Les plus naïfs, ceux qui se croient optimistes, voient la victoire politique de Sébastien Lecornu comme l’aboutissement d’un parlementarisme responsable et d’une culture du compromis. Les plus lucides, ceux qui regardent au-delà de l’échéance de fin d’année, voient clairement l’impossibilité de tenir la trajectoire votée. Ils voient que la dérive des comptes publics chemine vers un déficit de 5,5% du PIB, que notre pays est le seul en Europe à glisser ainsi, que les créanciers de la France ne l’accepteront pas éternellement. Ils voient que les seuls partis à être restés unis dans le tumulte des débats parlementaires sont l’extrême gauche et l’extrême droite, et que leur cote sondagière progresse en continu. Ils voient que les programmes que défendent le Rassemblement national et La France insoumise sont dangereux de laxisme, mais que leur opposer un gloubi-boulga budgétaro-social au nom de l’impérieuse stabilité politique est une non-réponse à quelques questions pourtant fondamentales : comment ces partis de la droite et du centre qui ont confondu compromis et compromission feront-ils pour revenir à un programme plus crédible pour l’élection présidentielle de 2027, lorsque tous les sujets aujourd’hui traités par la pompe à milliards devront être sérieusement affrontés ? Comment le Parti socialiste pourra-t-il espérer des victoires électorales sans se plier au diktat d’une France insoumise revancharde ? Et comment pourront-ils tous espérer échapper au rouleau compresseur des extrêmes et de leurs idées simplistes qui risquent de plus en plus de les laminer ?

Il n’aurait pas été inutile pour la démocratie de commencer à s’en préoccuper ces jours-ci à l’Assemblée.

1. ARTICLE – « Un déficit de 24 milliards là où on espérait 17 milliards :

alors que « trou » de la Sécu va atteindre un niveau jamais vu (hors Covid), Roland Lescure prévient qu’il faudra trouver 4,5 milliards d’euros supplémentaires

BFM 10 12 25

Invité sur RTL, le ministre de l’Économie a indiqué que le déficit de la Sécurité sociale devrait atteindre plus de 24 milliards d’euros en 2026 et environ 19,5 milliards après transferts de l’État.

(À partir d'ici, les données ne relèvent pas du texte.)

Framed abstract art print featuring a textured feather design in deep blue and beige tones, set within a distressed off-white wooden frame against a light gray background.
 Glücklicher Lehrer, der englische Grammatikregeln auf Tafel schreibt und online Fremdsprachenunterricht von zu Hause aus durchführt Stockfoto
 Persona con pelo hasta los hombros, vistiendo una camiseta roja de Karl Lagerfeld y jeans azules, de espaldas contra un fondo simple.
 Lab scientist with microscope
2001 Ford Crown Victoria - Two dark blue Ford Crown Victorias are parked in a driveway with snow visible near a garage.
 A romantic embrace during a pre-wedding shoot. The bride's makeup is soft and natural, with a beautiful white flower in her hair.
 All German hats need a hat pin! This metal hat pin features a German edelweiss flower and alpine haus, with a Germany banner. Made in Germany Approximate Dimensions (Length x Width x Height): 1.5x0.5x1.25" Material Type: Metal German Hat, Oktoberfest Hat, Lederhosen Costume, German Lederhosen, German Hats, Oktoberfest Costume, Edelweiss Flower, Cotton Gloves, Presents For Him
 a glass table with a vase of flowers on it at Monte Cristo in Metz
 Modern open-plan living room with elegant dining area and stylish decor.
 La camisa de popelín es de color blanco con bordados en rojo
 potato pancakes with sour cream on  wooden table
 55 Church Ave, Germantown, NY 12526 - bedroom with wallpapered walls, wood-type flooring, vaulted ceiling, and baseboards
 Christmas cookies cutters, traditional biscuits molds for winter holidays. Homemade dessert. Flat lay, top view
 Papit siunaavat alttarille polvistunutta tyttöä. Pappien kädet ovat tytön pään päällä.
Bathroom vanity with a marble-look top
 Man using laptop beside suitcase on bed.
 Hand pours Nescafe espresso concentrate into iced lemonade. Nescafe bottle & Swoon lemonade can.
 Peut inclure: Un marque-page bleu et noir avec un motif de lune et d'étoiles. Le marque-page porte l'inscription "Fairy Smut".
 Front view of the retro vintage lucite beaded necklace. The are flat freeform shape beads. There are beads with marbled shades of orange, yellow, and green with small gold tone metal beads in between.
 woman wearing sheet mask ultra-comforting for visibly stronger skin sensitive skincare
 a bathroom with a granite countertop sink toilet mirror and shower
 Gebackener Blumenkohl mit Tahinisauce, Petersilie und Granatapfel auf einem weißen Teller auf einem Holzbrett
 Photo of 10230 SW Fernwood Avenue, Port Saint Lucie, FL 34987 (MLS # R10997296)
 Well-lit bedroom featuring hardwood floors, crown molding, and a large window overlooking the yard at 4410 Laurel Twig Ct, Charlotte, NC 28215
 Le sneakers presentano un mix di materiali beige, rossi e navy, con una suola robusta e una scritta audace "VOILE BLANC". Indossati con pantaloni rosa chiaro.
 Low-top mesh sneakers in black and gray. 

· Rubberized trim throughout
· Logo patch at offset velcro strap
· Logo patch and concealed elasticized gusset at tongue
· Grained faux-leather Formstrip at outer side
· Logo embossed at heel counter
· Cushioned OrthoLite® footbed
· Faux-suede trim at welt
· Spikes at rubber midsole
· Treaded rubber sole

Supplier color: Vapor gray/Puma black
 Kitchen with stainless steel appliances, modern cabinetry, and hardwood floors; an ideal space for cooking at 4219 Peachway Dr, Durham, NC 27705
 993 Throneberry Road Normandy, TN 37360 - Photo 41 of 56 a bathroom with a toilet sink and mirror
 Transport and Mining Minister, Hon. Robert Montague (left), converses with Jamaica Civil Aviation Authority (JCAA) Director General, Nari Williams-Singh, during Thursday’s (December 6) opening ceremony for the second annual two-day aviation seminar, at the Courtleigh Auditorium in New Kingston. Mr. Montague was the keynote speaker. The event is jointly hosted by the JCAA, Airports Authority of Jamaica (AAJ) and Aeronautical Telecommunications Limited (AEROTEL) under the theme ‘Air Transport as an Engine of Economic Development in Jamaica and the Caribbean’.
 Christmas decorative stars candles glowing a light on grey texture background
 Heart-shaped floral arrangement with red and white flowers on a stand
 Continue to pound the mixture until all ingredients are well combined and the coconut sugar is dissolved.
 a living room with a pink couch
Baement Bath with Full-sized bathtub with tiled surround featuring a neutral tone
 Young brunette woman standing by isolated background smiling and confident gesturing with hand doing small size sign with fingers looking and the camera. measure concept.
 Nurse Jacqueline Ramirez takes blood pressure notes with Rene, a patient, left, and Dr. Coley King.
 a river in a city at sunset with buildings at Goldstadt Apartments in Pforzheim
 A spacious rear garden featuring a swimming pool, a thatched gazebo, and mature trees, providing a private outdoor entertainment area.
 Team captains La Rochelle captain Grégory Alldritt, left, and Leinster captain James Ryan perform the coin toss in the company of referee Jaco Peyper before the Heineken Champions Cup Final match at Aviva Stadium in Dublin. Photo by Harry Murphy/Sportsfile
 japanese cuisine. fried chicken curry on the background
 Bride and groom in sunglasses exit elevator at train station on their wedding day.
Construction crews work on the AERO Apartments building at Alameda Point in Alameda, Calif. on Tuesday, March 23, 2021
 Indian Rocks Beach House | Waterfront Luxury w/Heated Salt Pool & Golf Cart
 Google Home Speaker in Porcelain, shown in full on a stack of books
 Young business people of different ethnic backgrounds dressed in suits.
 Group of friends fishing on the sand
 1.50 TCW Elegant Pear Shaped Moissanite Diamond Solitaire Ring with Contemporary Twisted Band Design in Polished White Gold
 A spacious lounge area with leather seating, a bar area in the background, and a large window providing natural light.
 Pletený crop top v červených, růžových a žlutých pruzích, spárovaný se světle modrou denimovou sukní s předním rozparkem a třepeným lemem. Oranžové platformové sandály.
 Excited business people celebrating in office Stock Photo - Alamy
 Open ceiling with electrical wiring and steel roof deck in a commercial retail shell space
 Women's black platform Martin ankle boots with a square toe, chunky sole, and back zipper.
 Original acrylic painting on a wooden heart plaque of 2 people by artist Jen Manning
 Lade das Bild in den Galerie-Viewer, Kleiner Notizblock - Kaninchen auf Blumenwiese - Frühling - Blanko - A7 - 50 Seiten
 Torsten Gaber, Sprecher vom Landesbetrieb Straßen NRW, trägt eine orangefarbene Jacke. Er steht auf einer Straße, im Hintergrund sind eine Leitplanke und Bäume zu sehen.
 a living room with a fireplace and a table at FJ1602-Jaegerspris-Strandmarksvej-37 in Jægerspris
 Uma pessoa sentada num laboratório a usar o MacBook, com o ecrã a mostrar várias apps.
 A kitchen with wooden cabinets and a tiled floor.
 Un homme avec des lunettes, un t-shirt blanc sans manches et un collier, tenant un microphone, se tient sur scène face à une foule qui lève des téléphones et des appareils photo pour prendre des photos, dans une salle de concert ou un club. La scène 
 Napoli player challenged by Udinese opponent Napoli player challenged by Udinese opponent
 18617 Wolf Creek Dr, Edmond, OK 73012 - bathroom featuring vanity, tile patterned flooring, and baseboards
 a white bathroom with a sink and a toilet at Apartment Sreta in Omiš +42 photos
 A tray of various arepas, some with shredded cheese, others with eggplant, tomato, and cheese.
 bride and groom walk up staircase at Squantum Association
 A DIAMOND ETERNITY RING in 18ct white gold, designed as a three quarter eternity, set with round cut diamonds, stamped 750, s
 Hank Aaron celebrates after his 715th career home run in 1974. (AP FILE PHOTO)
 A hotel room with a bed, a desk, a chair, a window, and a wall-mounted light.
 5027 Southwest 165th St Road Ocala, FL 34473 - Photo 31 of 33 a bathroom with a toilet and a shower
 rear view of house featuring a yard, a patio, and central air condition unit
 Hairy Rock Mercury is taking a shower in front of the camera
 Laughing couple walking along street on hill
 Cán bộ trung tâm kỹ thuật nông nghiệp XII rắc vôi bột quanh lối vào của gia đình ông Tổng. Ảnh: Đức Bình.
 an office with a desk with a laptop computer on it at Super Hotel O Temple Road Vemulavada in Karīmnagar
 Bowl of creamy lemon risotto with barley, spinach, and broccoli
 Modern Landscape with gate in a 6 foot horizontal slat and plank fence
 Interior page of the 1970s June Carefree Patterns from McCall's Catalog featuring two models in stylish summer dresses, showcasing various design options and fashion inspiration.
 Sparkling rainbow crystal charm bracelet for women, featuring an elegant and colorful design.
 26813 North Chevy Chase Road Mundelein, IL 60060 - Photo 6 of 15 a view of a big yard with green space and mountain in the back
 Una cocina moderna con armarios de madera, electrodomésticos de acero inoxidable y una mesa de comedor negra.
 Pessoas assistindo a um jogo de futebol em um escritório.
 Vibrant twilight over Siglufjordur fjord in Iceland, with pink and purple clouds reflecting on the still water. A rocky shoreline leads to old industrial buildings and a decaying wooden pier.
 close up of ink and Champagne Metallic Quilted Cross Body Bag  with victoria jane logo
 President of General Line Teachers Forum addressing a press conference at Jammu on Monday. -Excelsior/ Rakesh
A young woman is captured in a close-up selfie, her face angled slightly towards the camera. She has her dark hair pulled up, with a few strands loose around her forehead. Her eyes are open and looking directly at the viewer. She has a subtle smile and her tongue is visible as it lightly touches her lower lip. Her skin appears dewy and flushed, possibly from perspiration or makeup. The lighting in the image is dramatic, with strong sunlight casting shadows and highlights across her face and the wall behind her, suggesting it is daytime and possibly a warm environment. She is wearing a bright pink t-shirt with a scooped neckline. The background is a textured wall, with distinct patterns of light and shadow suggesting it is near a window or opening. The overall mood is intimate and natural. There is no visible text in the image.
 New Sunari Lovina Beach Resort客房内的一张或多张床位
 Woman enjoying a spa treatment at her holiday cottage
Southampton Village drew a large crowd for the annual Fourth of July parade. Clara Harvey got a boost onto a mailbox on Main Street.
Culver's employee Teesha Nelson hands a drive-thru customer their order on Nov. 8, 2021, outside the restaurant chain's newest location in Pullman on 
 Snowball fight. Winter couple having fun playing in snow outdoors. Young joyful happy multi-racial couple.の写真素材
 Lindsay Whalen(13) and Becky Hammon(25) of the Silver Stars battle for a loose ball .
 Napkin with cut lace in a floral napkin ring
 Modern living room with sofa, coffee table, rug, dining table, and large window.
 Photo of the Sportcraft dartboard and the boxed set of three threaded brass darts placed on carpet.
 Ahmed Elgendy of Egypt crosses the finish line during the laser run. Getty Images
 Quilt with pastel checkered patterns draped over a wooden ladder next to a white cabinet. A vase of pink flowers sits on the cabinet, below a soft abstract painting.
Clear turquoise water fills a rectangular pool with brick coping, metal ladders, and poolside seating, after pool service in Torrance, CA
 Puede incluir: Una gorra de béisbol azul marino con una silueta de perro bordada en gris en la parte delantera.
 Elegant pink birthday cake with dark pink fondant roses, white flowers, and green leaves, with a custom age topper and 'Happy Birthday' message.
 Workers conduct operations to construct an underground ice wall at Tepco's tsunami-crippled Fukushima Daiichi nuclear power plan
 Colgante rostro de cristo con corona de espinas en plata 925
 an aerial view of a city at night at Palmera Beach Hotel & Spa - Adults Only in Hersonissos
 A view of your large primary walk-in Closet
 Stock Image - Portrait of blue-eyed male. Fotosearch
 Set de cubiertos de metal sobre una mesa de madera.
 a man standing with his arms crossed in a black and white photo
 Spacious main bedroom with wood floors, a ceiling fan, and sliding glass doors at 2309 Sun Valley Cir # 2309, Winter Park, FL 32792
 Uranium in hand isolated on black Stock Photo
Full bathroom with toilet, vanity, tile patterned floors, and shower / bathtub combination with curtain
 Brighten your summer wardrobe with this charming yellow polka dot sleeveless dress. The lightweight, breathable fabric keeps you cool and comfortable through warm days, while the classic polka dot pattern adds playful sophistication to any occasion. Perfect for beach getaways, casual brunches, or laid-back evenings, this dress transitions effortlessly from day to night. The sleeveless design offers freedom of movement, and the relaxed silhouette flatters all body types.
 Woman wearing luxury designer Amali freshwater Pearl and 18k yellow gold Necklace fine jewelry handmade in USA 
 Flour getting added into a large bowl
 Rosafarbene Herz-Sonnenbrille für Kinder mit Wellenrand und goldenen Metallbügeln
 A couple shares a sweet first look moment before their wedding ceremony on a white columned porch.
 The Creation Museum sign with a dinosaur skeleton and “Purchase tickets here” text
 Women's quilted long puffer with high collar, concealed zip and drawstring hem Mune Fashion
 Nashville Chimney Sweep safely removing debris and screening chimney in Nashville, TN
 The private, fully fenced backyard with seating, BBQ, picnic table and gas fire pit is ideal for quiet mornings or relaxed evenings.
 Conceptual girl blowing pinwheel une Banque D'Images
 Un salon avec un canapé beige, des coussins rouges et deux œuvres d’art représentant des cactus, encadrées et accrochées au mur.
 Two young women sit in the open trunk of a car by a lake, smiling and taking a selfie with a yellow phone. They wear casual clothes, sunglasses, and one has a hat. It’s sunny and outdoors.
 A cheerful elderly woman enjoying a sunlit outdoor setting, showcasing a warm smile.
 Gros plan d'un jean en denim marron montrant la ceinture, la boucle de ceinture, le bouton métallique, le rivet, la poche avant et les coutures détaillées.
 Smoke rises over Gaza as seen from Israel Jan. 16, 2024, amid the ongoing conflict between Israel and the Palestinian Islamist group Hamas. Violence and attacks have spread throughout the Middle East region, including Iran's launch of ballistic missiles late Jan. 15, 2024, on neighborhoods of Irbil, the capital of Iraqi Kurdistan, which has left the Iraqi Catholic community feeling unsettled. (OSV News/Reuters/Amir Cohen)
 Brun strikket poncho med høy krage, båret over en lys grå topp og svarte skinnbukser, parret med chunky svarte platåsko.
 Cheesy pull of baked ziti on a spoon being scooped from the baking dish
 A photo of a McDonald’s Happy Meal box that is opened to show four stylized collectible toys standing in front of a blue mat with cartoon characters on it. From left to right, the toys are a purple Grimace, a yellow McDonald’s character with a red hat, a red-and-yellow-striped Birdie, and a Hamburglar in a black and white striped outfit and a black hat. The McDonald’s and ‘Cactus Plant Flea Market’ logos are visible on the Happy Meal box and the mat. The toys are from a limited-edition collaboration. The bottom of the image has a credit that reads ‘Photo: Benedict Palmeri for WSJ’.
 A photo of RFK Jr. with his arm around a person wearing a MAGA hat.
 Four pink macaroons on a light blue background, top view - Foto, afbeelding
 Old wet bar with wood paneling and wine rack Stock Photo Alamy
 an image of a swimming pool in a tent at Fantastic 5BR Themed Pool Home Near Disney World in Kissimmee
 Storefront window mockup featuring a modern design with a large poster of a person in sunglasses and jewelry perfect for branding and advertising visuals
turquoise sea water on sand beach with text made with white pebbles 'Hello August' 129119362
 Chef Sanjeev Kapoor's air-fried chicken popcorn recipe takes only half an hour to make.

« L’improbable est devenu possible ». Invité sur RTL ce mercredi 10 décembre, Roland Lescure s’est dit « un peu soulagé » après l’adoption la veille par les députés du budget de la Sécurité sociale 2026.

Mais ce vote ne s’est pas fait à n’importe quel prix pour le gouvernement. Le texte, qui doit repartir au Sénat vendredi prévoit un déficit bien plus élevé que celui inscrit dans la copie initiale de l’exécutif.

En l’occurence, il s’établit autour de 24 milliards d’euros soit plus qu’en 2025 (23 milliards), et à 19,5 milliards après transferts de l’État, là où le gouvernement espérait un déficit d’environ 17 milliards.

« L’État renfloue les caisses de la Sécu et donc il va falloir trouver les 4,5 milliards dans le cadre de la discussion du budget (de l’État) », a indiqué le ministre de l’Économie.

« C’est la dernière haie qu’il nous reste à franchir »

« Il va falloir faire des efforts. Je reste convaincu qu’il faut avoir un déficit de l’ensemble, Sécu et État, de 5%. Et donc avec un déficit de la Sécu qui est plutôt de 24 milliards là où on espérait 17, il va falloir trouver des milliards ailleurs dans les comptes de l’État. C’est la dernière haie qu’il nous reste à franchir », a insisté le locataire de Bercy.

Pour rappel, le déficit de la Sécurité sociale, s’il s’élève à 24 milliards d’euros en 2026, sera un niveau jamais atteint en France hors période Covid en 2020 où il avait grimpé à 39,7 milliards d’euros. Il était resté élevé en 2022 mais avait reculé à 19,6 milliards puis 10,8 milliards en 2023. Avant de repartir à la hausse en 2024 (15,3 milliards) puis en 2025 où il est attendu à 23 milliards d’euros.